Mungkin orang-orang di luar sana banyak yang merendahkan pekerjaan ini, atau underestimate istilahnya. Begitupun dengan aku dulu, sebelum dipindahkan ke tempat yang sekarang. “Apa sih kerjaan di TU? Gitu-gitu aja kan, surat-surat aja kan?” pikirku dulu. Simpel dan meremeh-temehkan pekerjaan yang satu ini, kendati belum pernah menjalaninya.

Dan waktu terus berjalan. Roda pun berputar. Dan aku dipindah kesana seiring perubahan yang terjadi di kantor. Entah apa yang melatarbelakangi kepindahanku kesana. Pada awalnya aku hampir menolak untuk dipindahkan, setelah berpikir tenang, aku ambil kesempatan ini. Hitung-hitung untuk mencari perubahan setelah sekitar 4 tahun berputar-putar dalam tugas yang sama.

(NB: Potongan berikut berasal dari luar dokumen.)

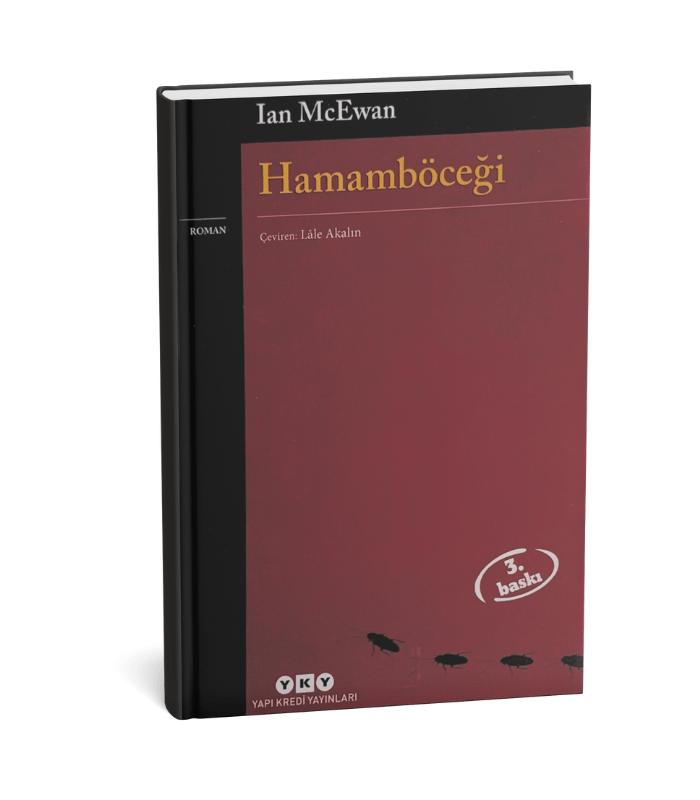 Hamamböceği Hamamböceği - Görsel 1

Belajar mengenai hal yang baru itu sesuatu yang menjenuhkan sekaligus menyenangkan. Setiap hari berteman dengan surat. Surat masuk yang bermacam-macam jenis dan asalnya, bila sekali datang bisa mencapai puluhan surat. Entah itu dari TU Biro lain, TU Pimpinan, TU Departemen, surat dengan diantar langsung, dll. Setelah tiba, surat-surat itu ditempelkan kertas disposisi untuk kemudian diserahkan kepada pimpinan. Setelah pimpinan memberikan instruksi melalui kertas tersebut, kemudian di register.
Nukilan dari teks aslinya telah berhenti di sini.